We wrote last week about the question of the nature of 'awareness' or 'self' in Nature (here and here). We know our own consciousness, but really not much about that of other organisms--indeed, not really and truly about other individuals than ourselves.
Studying the 'neural correlates' or behavioral indications of consciousness can get us only so far, mainly descriptive phenomenology. But either religions are right, and there really is something we call the 'soul' that is separate from our biology, or our consciousness is somehow the result of our genomes. That is naturally one of the biggest prizes for research to try to understand.
But consciousness or other kinds of awareness--self-awareness or otherwise--would seem to be so far removed from the direct level of the genome, so dependent on inordinately complex interactions of components, that it is difficult to see how genomes will ever explain it. The term for this is that consciousness is an 'emergent' trait, relative to genomes.

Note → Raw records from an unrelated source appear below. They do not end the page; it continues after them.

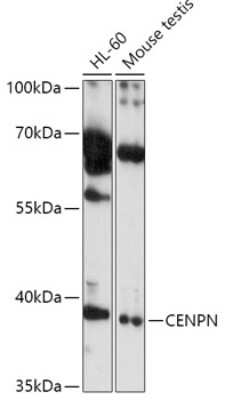 Western Blot: CENPN Antibody [NBP2-92377] - Analysis of extracts of various cell lines, using CENPN at 1:1000 dilution.Secondary antibody: HRP Goat Anti-Rabbit IgG (H+L) at 1:10000 dilution.Lysates/proteins: 25ug per lane.Blocking buffer: 3% nonfat dry milk in TBST.Detection: ECL Basic Kit .Exposure time: 10s.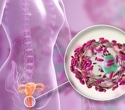 Eating habits directly influence vaginal microbiome, research finds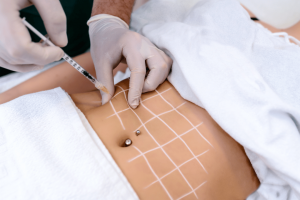 Fat Melting Injection in Dubai – Feel Lighter, Look Better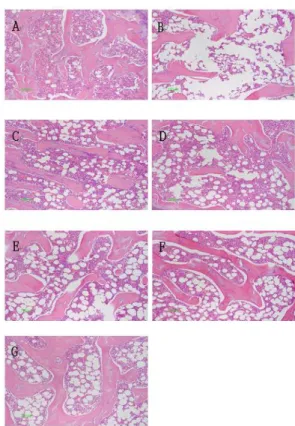 Fig.  8.  Clinical  changes  of  COX-2  (A),  NOS-2  (B),  MMP-2  (C)  and  MMP-9  (D)  mRNA  expression  in  Joint/Bone(real-time  PCR)  of  OVX  rats  after  15  weeks  treatment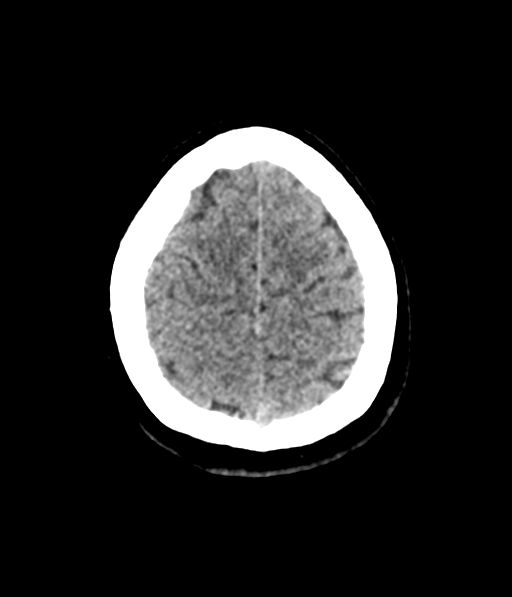 Cerebellar metastases - colorectal adenocarcinoma (Radiopaedia 40947-43652 Axial non-contrast 58).png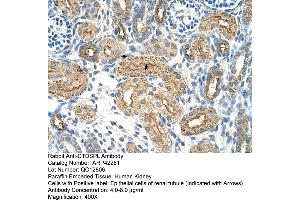 Rabbit Anti-CTDSPL Antibody  Paraffin Embedded Tissue: Human Kidney Cellular Data: Epithelial cells of renal tubule Antibody Concentration: 4. (CTDSPL antibody  (N-Term))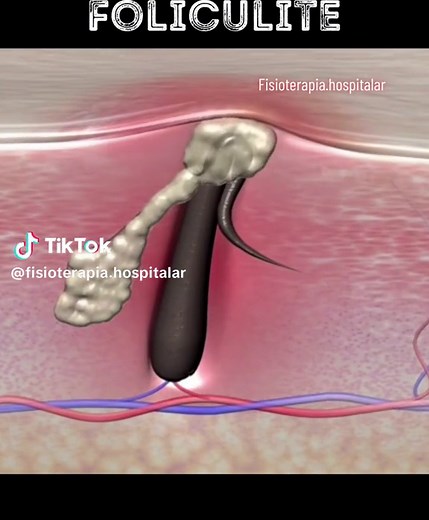 Foliculite: Sintomas, Causas e Tratamentos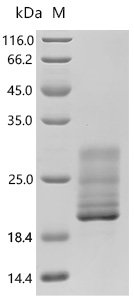 Macaca fascicularis Alpha-synuclein (SNCA) Recombinant Protein, Mammalian cell, C-terminal 10xHis-tagged, 15.8 kDa, purity >≥ 95% as determined by SDS-PAGE.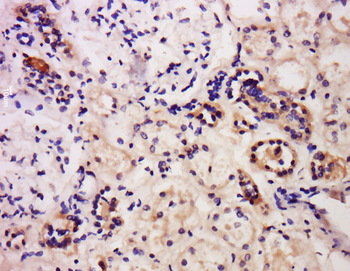 Caspase-6 Rabbit Polyclonal Antibody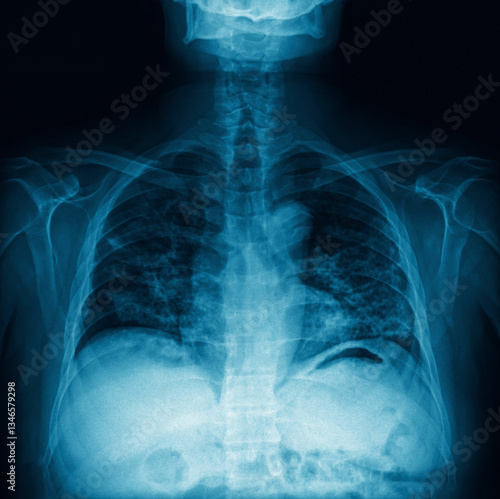 Chest X-ray showing lungs, spine, and ribs with medical imaging detail. Close-up of shoulder joint, injuries of tendons and bones. Medical diagnostics, internal anatomy and health film concept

There's little if any doubt that we'll learn many genes that, when mutated, damage consciousness or alter states of 'awareness' (we're not talking about recreational drugs here---or are they relevant?). How can interacting proteins--what genes code for--produce the kind of self-aware monitoring of the inside and outside world? We may have to develop some very different ways of knowing, in order to know even what we mean in this kind of research.
If our basic understanding of evolution is close to the truth, if and when we eventually develop such scientific approaches, one thing that can be predicted safely is that we'll find the genes, and hence the roots, of consciousness much more widely distributed in Nature than our usual, human-centered view has led us to think. Indeed, many of the same phenomena may be found in plants--and many precedents suggest we'll find rudiments even in bacteria.
Whether we'll ever be able to ask the carrot how it 'feels' is another question.